There’s a twitch in Gamora’s fingers that she clenches them to hide, pulling her shoulders back, raising her chin, and Nebula bites the inside of her lower lip in unison with her sister. Beside her, one of her older brothers coughs something that might be a laugh, because he is a mountain of an adolescent, no matter that every inch of Gamora, of Nebula, is something more than he will ever be. Daughters of Thanos they may be, but nonetheless, they are daughters.

Gamora doesn’t move, doesn’t blink, as Thanos and Ronan consider the schematics of her body, the speed and flexibility wrung out of every muscle, every patch of flesh. Ronan’s mouth twists a little in thought, and his eyes blazing in his shadowy face, and Nebula wonders what he sees. Their father is building a family of warriors, of his own blood or otherwise, but what Ronan’s investment is, she doesn’t know. He’s the one who sets tests for Thanos’ children, who sends them to abandoned planets to search for hidden treasures, leaving blood and torn skin behind them on the rocks, choking up their own lungs when they return home from poisoned air. Perhaps he is preparing them for something, though if he is, his sight seems to reach even further than their father’s does.

Finally, after what feels like hours, Gamora steps out of the scanner, expression unchanging as she tosses her hair over her shoulder and takes her place beside Nebula. This means it’s her turn, and Nebula tries to mirror her sister’s comfortable disinterest and disdain as she walks over, tucking a nervous lock of her own hair behind her ear.

The scanner beeps, splaying Nebula’s internal systems across the screens between herself and her father. She doesn’t blink, doesn’t swallow, as Thanos begins to use quiet phrases such as set-backs, and Ronan inclines his head. But when Nebula grits her teeth and raises her gaze, she realises that Ronan isn’t looking at the holograms of her splitting nervous system. His brittle, too-bright eyes are staring straight through them, at her.

-

They do not bother to learn the names of their father’s assassins, interchangeable men brought in to see that his will is done, whether across the universe or in his own home. When he wants them to train his daughters, Thanos does not much care what happens to them in the process; if Gamora finishes a session having hacked off a stack of limbs, if a slash from Nebula has spilled viscera all over the training room floor.
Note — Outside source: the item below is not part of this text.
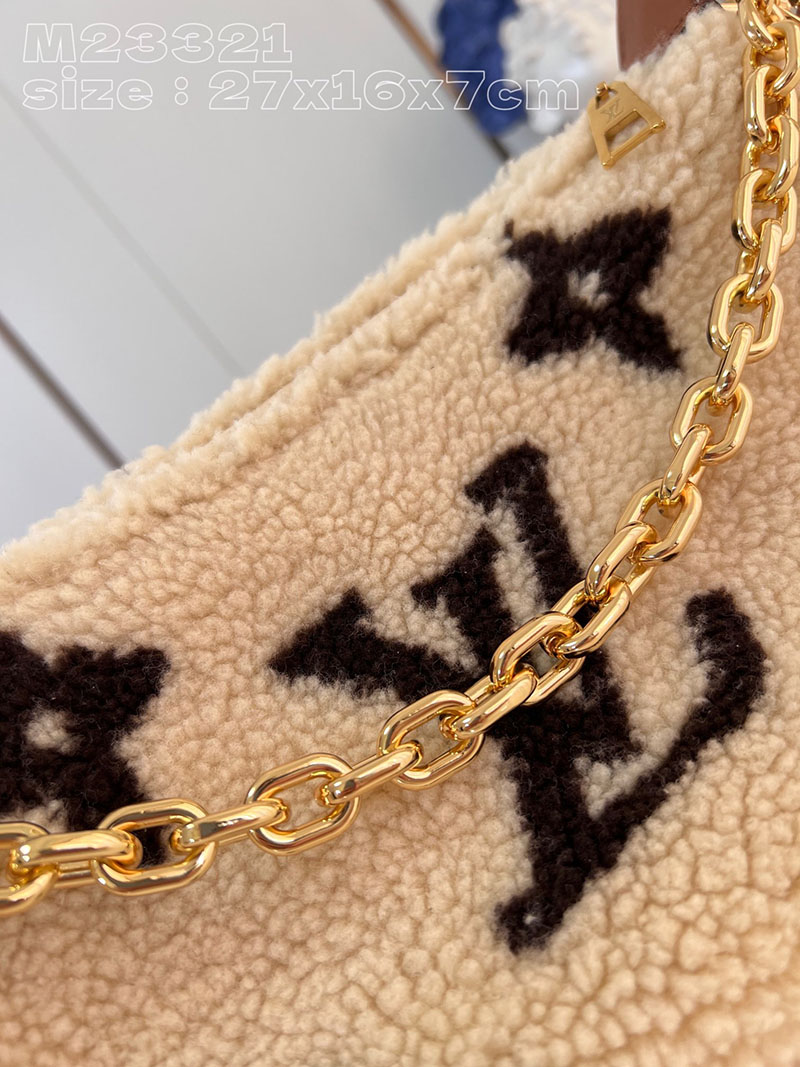 ルイヴィトン並行輸入品 LOUIS VUITTON LV SKI オーバー ザ ムーン クレーム シアリング M23321 ルイヴィトン 新作バッグ 2026 - 画像 (9)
He can patch his daughters back together, if something similar has happened to them; of course, if he has to, then he will be so terribly disappointed.

Gamora and Nebula can kill as many soldiers as they like, naturally: Thanos would not send them against his daughters if they were not expendable. Nebula has learned her lessons in half a hundred shattered skulls and the man with knives for teeth who Gamora apparently dispatched in the end, while Nebula’s skin was sewn back thicker and without anaesthetic. She’ll know better next time, won’t let her sister be the one with her cheeks dripping with arterial spray, the vanquished bastard sprawled beneath her boot. The next revenge kill will belong to her, if she has to hack her family down to do it; she will not be the weak one left behind again.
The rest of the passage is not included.